==== Materials provided

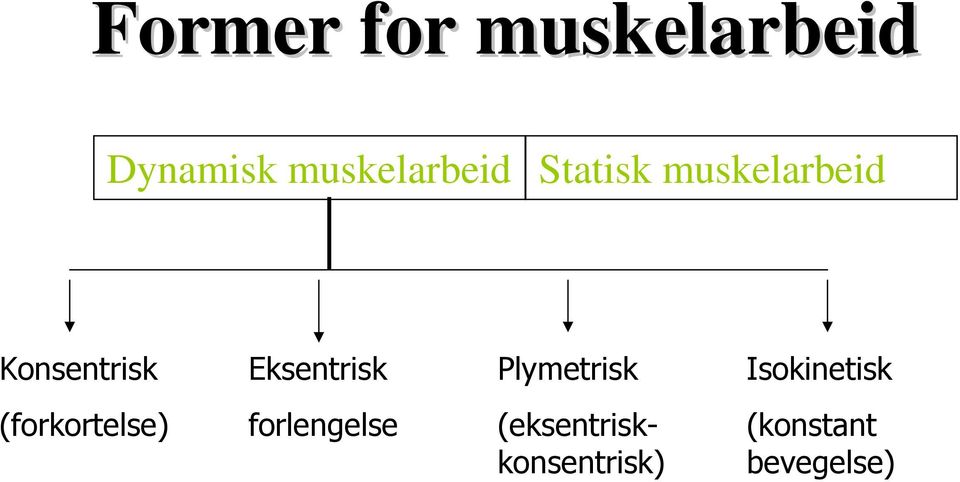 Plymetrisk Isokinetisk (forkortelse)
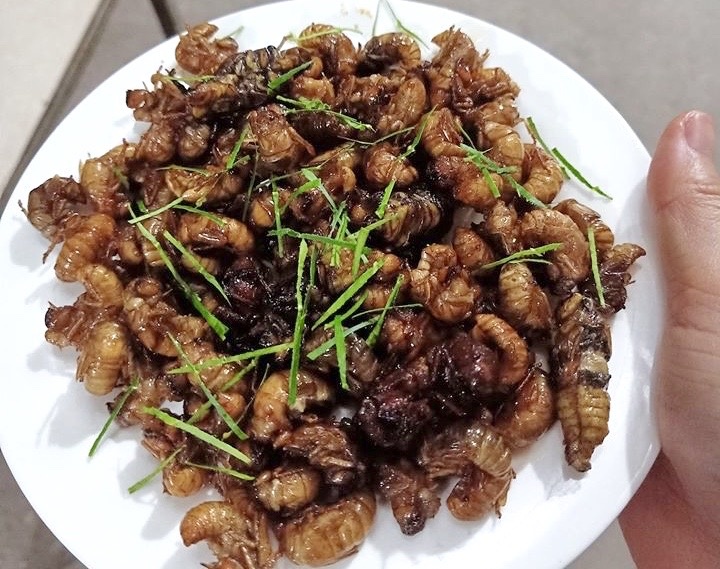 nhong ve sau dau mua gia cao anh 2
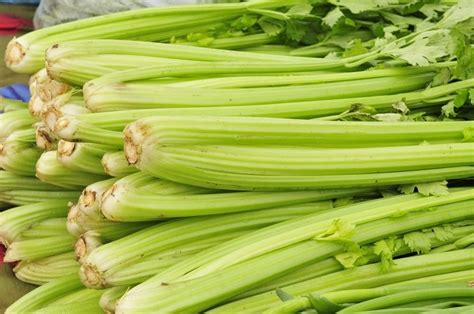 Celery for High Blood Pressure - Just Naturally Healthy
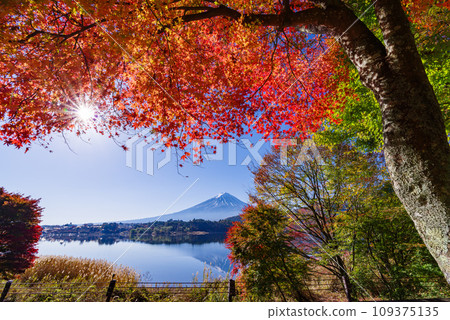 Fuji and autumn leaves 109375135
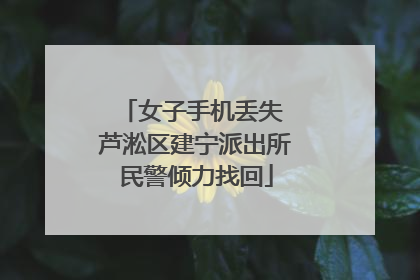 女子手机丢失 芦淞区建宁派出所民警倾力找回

========
==== Materials provided

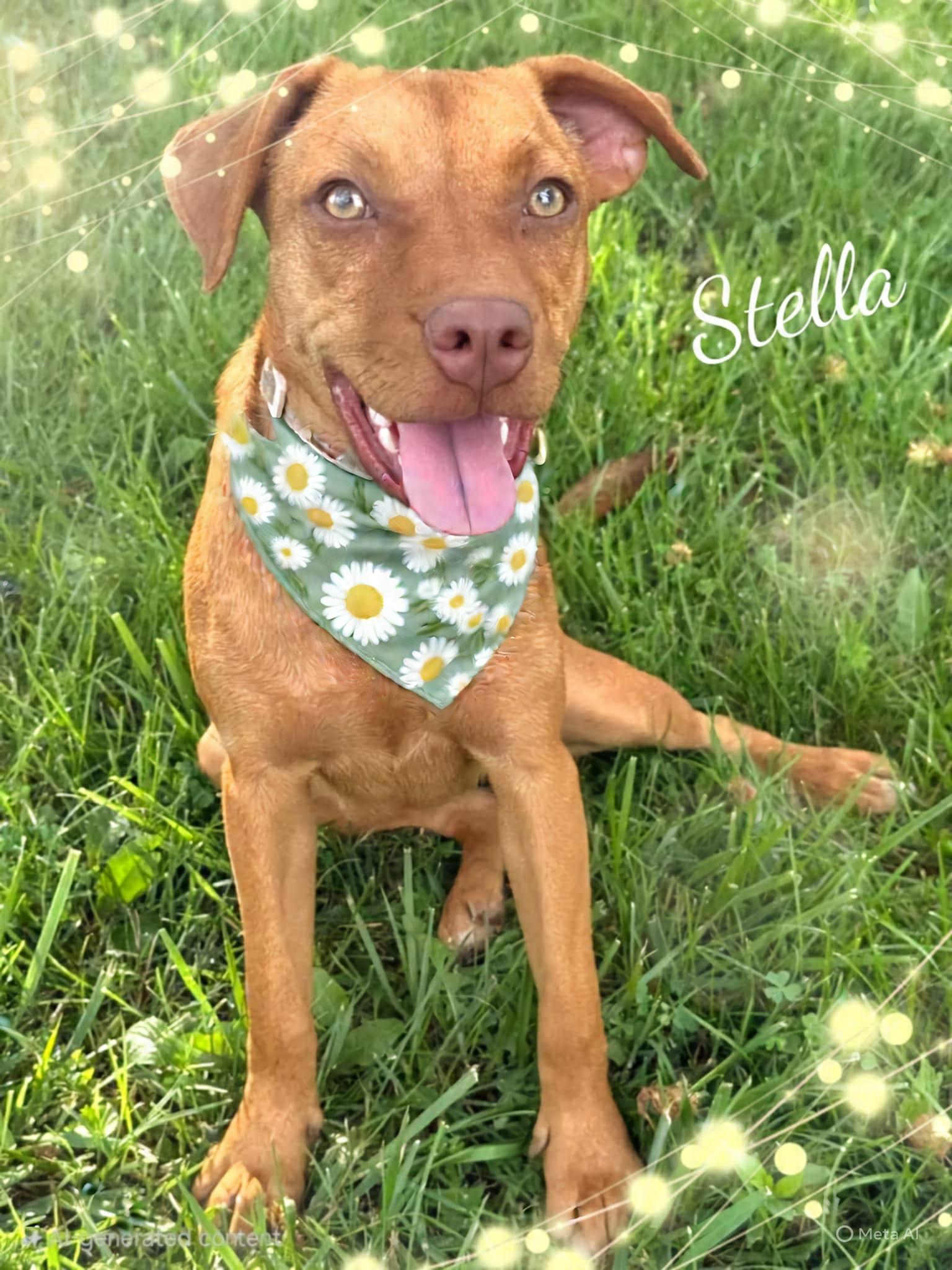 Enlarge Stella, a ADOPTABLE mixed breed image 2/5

========

Activity: Your reply should hold nothing but the lines above, from the one containing "Plymetrisk Isokinetisk (forkortelse)" to the one containing "女子手机丢失 芦淞区建宁派出所民警倾力找回", reproduced exactly minus the pictures.

Response:
 Plymetrisk Isokinetisk (forkortelse)
 nhong ve sau dau mua gia cao anh 2
 Celery for High Blood Pressure - Just Naturally Healthy
 Fuji and autumn leaves 109375135
 女子手机丢失 芦淞区建宁派出所民警倾力找回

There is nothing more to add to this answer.